Coincidentally, Stony Brook is the site of the worst incident of road rage I’ve ever witnessed. One day last winter I dropped the family at the IMAX Theater and pulled around to find a parking space. A woman in the car ahead of me beat another driver to an open spot he thought was his. He got out of his truck, stormed over to the now-cowering woman, and screamed at her through her closed window. He finally gave up, got back in his truck and sped off — about 40 feet, to another open spot.
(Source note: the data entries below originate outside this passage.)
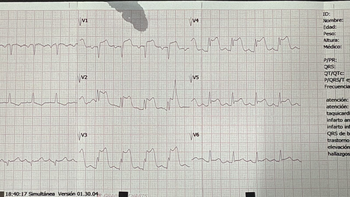 Aguilares: respuesta coordinada permitió salvar la vida de un paciente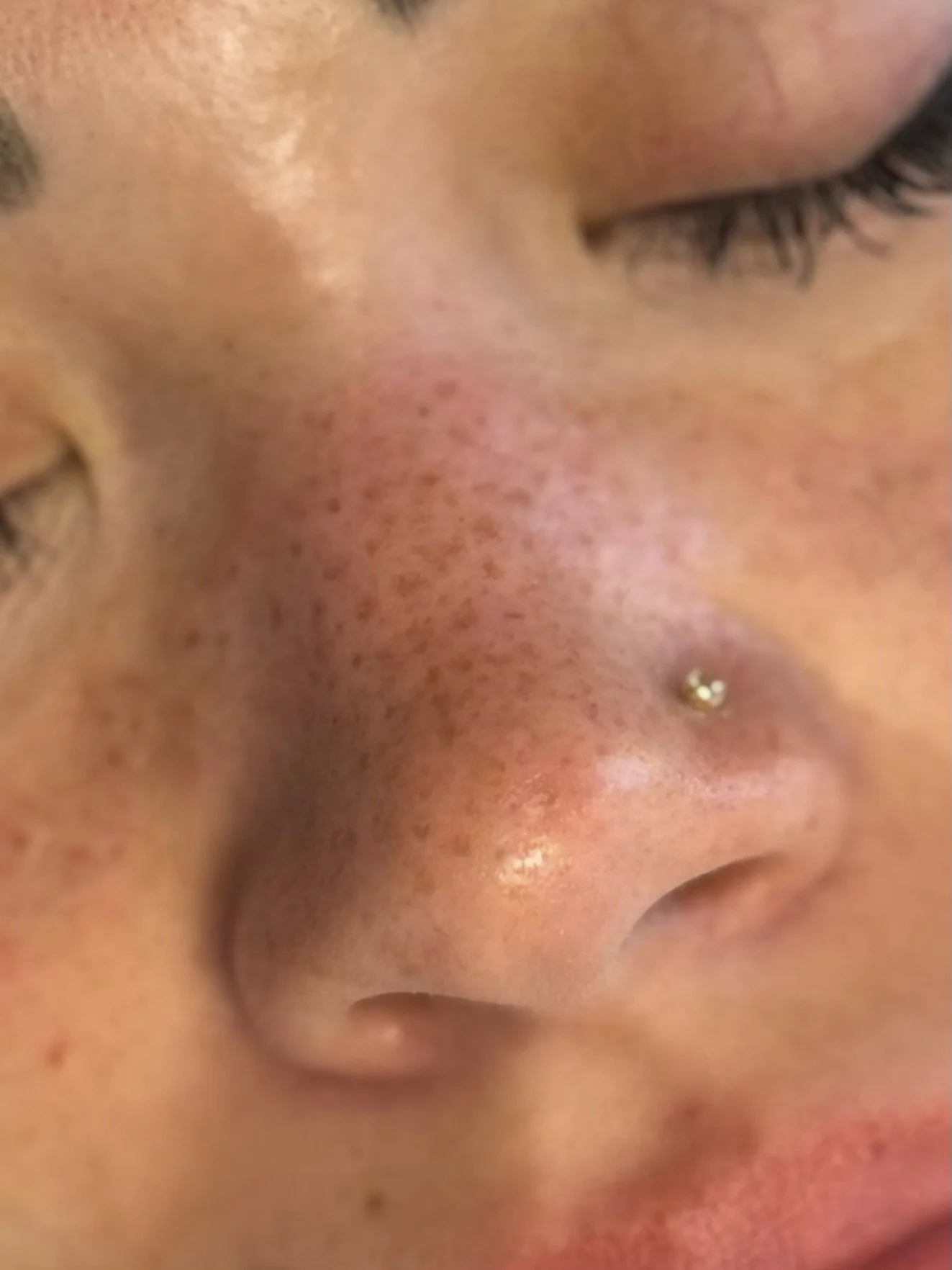 Natural freckles, healed.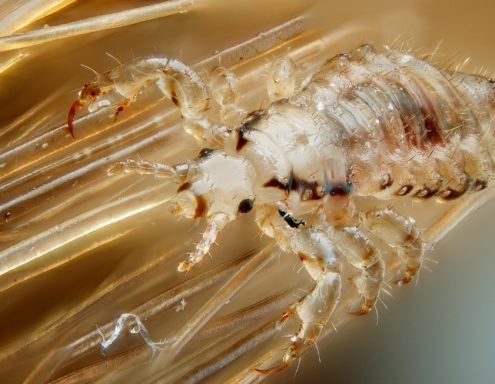 Photo of Lice Clinics of America - San Antonio West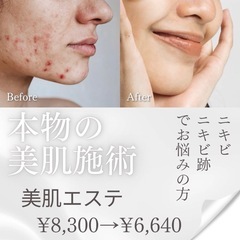 肌質改善・ニキビでお悩みの方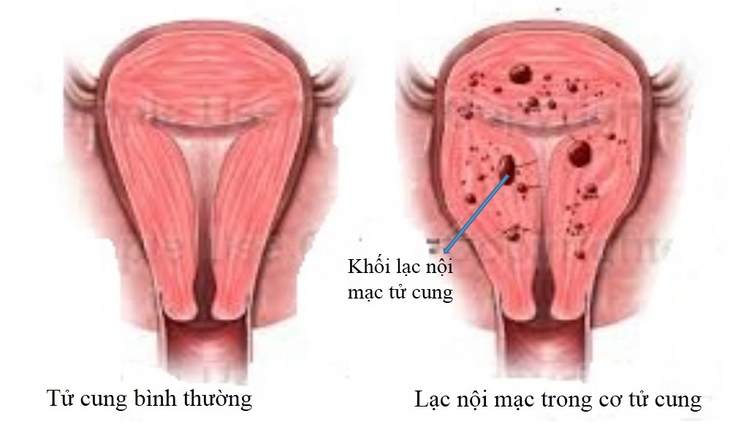 Lạc nội mạc tử cung có phòng tránh được không? - Ảnh 1.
Maybe we should cut the drivers a tiny bit of slack because the incidents happened in Stony Brook, where road rage is just one way of letting others know you care. The Hurstbourne Parkway corridor is a driver’s nightmare of gridlock, offering fume-buzzed commuters a scorched-earth landscape of big-box stores, car lots and chain restaurants to look at while AM radio hosts whip them into a furor on their 20-minute trip to go two miles. But it’s not always that nice. Sometimes there’s a wreck.
Other cities should send planners to Hurstbourne to study how not to design their ’burbs. When I worked on Bunsen Parkway, I could see I-64 from my office window, but it took 15 minutes to drive there. My pals and I called the road “the Hurstbourne hairball.” We credited anyone who navigated it safely with “crème-rinsing the hairball.”
My wife, a therapist trained in nonviolent communication, cautioned me not to look for simplistic answers to the bizarre shooting incident. “There’s almost always a deeper cause,” she said. “Maybe both men felt that they weren’t being seen, weren’t being heard.”
I guess they fixed that. But I get her point. Bad suburban planning, road rage and our gun-loving culture might have been contributing factors, but two Yosemite Sams shooting each other over a right-of-way dispute at a four-way stop says a lot about the society we live in. Each man might as well have been looking in a mirror.
My own reaction to such a sad event is to slow down, go to the woods, get away from the fumes. It might not solve the alienation problem in our society, but it can’t hurt. In the meantime, here are two simple rules you need to follow to be safe at four-way stops in America:
1. Always assume the other driver is armed.
2. Whoever’s quicker on the draw has the right of way.